* [WHAT IS NEEDED]
From the first line to the last, print the data exactly.

▼

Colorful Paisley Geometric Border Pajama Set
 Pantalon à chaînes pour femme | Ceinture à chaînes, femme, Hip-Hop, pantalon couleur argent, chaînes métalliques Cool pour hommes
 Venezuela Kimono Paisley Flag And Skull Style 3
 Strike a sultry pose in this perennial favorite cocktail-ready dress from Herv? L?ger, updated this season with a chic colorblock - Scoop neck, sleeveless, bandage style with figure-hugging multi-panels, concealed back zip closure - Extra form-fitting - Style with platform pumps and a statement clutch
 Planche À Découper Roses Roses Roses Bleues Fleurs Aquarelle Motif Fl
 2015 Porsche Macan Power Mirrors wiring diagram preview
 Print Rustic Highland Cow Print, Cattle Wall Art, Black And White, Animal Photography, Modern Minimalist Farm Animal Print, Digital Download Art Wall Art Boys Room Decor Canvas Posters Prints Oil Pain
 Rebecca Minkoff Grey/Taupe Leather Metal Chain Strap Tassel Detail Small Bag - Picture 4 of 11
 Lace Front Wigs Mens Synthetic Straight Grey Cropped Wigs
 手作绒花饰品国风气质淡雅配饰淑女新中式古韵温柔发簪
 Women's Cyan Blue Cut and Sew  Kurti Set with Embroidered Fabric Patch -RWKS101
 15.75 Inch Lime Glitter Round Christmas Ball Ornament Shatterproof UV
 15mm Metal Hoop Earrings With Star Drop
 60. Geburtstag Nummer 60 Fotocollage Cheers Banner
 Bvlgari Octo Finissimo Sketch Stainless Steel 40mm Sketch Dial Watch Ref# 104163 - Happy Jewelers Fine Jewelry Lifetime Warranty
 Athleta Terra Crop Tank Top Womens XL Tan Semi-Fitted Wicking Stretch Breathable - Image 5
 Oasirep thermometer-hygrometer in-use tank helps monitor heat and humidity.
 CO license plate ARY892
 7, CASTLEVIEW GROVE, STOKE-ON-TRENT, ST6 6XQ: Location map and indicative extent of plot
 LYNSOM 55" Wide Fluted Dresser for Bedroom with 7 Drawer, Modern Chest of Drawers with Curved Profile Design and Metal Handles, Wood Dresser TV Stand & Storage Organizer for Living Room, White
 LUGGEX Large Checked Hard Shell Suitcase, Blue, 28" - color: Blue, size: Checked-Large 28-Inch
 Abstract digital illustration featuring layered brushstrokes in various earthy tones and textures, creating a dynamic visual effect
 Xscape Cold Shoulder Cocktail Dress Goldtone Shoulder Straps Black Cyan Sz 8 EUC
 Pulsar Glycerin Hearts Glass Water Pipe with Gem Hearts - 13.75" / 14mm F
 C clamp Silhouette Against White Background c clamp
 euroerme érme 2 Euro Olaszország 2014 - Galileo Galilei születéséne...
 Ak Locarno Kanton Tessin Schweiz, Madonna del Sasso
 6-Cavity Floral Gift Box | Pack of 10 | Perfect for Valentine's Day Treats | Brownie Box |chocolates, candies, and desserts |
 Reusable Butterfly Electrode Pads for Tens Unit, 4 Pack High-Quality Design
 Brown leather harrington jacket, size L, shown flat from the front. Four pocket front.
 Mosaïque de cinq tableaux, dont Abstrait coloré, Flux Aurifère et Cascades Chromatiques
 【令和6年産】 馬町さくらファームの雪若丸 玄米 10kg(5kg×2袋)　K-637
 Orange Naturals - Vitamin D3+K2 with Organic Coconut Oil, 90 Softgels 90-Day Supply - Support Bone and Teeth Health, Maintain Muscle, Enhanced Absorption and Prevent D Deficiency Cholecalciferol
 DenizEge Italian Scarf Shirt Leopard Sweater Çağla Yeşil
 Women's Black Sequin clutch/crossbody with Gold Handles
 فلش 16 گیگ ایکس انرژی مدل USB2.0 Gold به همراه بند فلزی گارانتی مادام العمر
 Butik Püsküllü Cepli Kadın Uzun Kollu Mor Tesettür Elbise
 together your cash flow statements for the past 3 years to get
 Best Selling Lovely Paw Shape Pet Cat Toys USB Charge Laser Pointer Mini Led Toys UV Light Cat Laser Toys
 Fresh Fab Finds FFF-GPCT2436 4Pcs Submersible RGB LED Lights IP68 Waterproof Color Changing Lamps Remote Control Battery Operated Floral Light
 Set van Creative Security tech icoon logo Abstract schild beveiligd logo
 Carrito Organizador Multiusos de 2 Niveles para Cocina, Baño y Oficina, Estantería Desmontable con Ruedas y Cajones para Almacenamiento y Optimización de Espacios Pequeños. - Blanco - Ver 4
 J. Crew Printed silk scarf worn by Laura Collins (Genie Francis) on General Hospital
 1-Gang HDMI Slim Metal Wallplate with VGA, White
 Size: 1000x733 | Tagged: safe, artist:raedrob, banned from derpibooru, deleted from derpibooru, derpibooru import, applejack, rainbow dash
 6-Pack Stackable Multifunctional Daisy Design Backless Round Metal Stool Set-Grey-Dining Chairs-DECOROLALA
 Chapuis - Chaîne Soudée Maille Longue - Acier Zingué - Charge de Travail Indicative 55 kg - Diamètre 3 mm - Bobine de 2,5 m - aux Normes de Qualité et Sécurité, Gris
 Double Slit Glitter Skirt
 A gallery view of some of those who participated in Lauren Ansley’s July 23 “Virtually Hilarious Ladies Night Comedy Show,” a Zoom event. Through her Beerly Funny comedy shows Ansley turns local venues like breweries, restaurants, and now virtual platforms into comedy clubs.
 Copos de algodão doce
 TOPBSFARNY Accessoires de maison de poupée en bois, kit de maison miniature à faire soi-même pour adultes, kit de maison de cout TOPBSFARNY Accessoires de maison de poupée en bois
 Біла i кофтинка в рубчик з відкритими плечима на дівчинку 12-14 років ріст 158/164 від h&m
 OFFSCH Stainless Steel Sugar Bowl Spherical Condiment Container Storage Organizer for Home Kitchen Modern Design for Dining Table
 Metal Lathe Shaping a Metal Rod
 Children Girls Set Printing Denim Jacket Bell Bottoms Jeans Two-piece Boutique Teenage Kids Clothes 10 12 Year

▲

* [REPLY]
Colorful Paisley Geometric Border Pajama Set
 Pantalon à chaînes pour femme | Ceinture à chaînes, femme, Hip-Hop, pantalon couleur argent, chaînes métalliques Cool pour hommes
 Venezuela Kimono Paisley Flag And Skull Style 3
 Strike a sultry pose in this perennial favorite cocktail-ready dress from Herv? L?ger, updated this season with a chic colorblock - Scoop neck, sleeveless, bandage style with figure-hugging multi-panels, concealed back zip closure - Extra form-fitting - Style with platform pumps and a statement clutch
 Planche À Découper Roses Roses Roses Bleues Fleurs Aquarelle Motif Fl
 2015 Porsche Macan Power Mirrors wiring diagram preview
 Print Rustic Highland Cow Print, Cattle Wall Art, Black And White, Animal Photography, Modern Minimalist Farm Animal Print, Digital Download Art Wall Art Boys Room Decor Canvas Posters Prints Oil Pain
 Rebecca Minkoff Grey/Taupe Leather Metal Chain Strap Tassel Detail Small Bag - Picture 4 of 11
 Lace Front Wigs Mens Synthetic Straight Grey Cropped Wigs
 手作绒花饰品国风气质淡雅配饰淑女新中式古韵温柔发簪
 Women's Cyan Blue Cut and Sew  Kurti Set with Embroidered Fabric Patch -RWKS101
 15.75 Inch Lime Glitter Round Christmas Ball Ornament Shatterproof UV
 15mm Metal Hoop Earrings With Star Drop
 60. Geburtstag Nummer 60 Fotocollage Cheers Banner
 Bvlgari Octo Finissimo Sketch Stainless Steel 40mm Sketch Dial Watch Ref# 104163 - Happy Jewelers Fine Jewelry Lifetime Warranty
 Athleta Terra Crop Tank Top Womens XL Tan Semi-Fitted Wicking Stretch Breathable - Image 5
 Oasirep thermometer-hygrometer in-use tank helps monitor heat and humidity.
 CO license plate ARY892
 7, CASTLEVIEW GROVE, STOKE-ON-TRENT, ST6 6XQ: Location map and indicative extent of plot
 LYNSOM 55" Wide Fluted Dresser for Bedroom with 7 Drawer, Modern Chest of Drawers with Curved Profile Design and Metal Handles, Wood Dresser TV Stand & Storage Organizer for Living Room, White
 LUGGEX Large Checked Hard Shell Suitcase, Blue, 28" - color: Blue, size: Checked-Large 28-Inch
 Abstract digital illustration featuring layered brushstrokes in various earthy tones and textures, creating a dynamic visual effect
 Xscape Cold Shoulder Cocktail Dress Goldtone Shoulder Straps Black Cyan Sz 8 EUC
 Pulsar Glycerin Hearts Glass Water Pipe with Gem Hearts - 13.75" / 14mm F
 C clamp Silhouette Against White Background c clamp
 euroerme érme 2 Euro Olaszország 2014 - Galileo Galilei születéséne...
 Ak Locarno Kanton Tessin Schweiz, Madonna del Sasso
 6-Cavity Floral Gift Box | Pack of 10 | Perfect for Valentine's Day Treats | Brownie Box |chocolates, candies, and desserts |
 Reusable Butterfly Electrode Pads for Tens Unit, 4 Pack High-Quality Design
 Brown leather harrington jacket, size L, shown flat from the front. Four pocket front.
 Mosaïque de cinq tableaux, dont Abstrait coloré, Flux Aurifère et Cascades Chromatiques
 【令和6年産】 馬町さくらファームの雪若丸 玄米 10kg(5kg×2袋)　K-637
 Orange Naturals - Vitamin D3+K2 with Organic Coconut Oil, 90 Softgels 90-Day Supply - Support Bone and Teeth Health, Maintain Muscle, Enhanced Absorption and Prevent D Deficiency Cholecalciferol
 DenizEge Italian Scarf Shirt Leopard Sweater Çağla Yeşil
 Women's Black Sequin clutch/crossbody with Gold Handles
 فلش 16 گیگ ایکس انرژی مدل USB2.0 Gold به همراه بند فلزی گارانتی مادام العمر
 Butik Püsküllü Cepli Kadın Uzun Kollu Mor Tesettür Elbise
 together your cash flow statements for the past 3 years to get
 Best Selling Lovely Paw Shape Pet Cat Toys USB Charge Laser Pointer Mini Led Toys UV Light Cat Laser Toys
 Fresh Fab Finds FFF-GPCT2436 4Pcs Submersible RGB LED Lights IP68 Waterproof Color Changing Lamps Remote Control Battery Operated Floral Light
 Set van Creative Security tech icoon logo Abstract schild beveiligd logo
 Carrito Organizador Multiusos de 2 Niveles para Cocina, Baño y Oficina, Estantería Desmontable con Ruedas y Cajones para Almacenamiento y Optimización de Espacios Pequeños. - Blanco - Ver 4
 J. Crew Printed silk scarf worn by Laura Collins (Genie Francis) on General Hospital
 1-Gang HDMI Slim Metal Wallplate with VGA, White
 Size: 1000x733 | Tagged: safe, artist:raedrob, banned from derpibooru, deleted from derpibooru, derpibooru import, applejack, rainbow dash
 6-Pack Stackable Multifunctional Daisy Design Backless Round Metal Stool Set-Grey-Dining Chairs-DECOROLALA
 Chapuis - Chaîne Soudée Maille Longue - Acier Zingué - Charge de Travail Indicative 55 kg - Diamètre 3 mm - Bobine de 2,5 m - aux Normes de Qualité et Sécurité, Gris
 Double Slit Glitter Skirt
 A gallery view of some of those who participated in Lauren Ansley’s July 23 “Virtually Hilarious Ladies Night Comedy Show,” a Zoom event. Through her Beerly Funny comedy shows Ansley turns local venues like breweries, restaurants, and now virtual platforms into comedy clubs.
 Copos de algodão doce
 TOPBSFARNY Accessoires de maison de poupée en bois, kit de maison miniature à faire soi-même pour adultes, kit de maison de cout TOPBSFARNY Accessoires de maison de poupée en bois
 Біла i кофтинка в рубчик з відкритими плечима на дівчинку 12-14 років ріст 158/164 від h&m
 OFFSCH Stainless Steel Sugar Bowl Spherical Condiment Container Storage Organizer for Home Kitchen Modern Design for Dining Table
 Metal Lathe Shaping a Metal Rod
 Children Girls Set Printing Denim Jacket Bell Bottoms Jeans Two-piece Boutique Teenage Kids Clothes 10 12 Year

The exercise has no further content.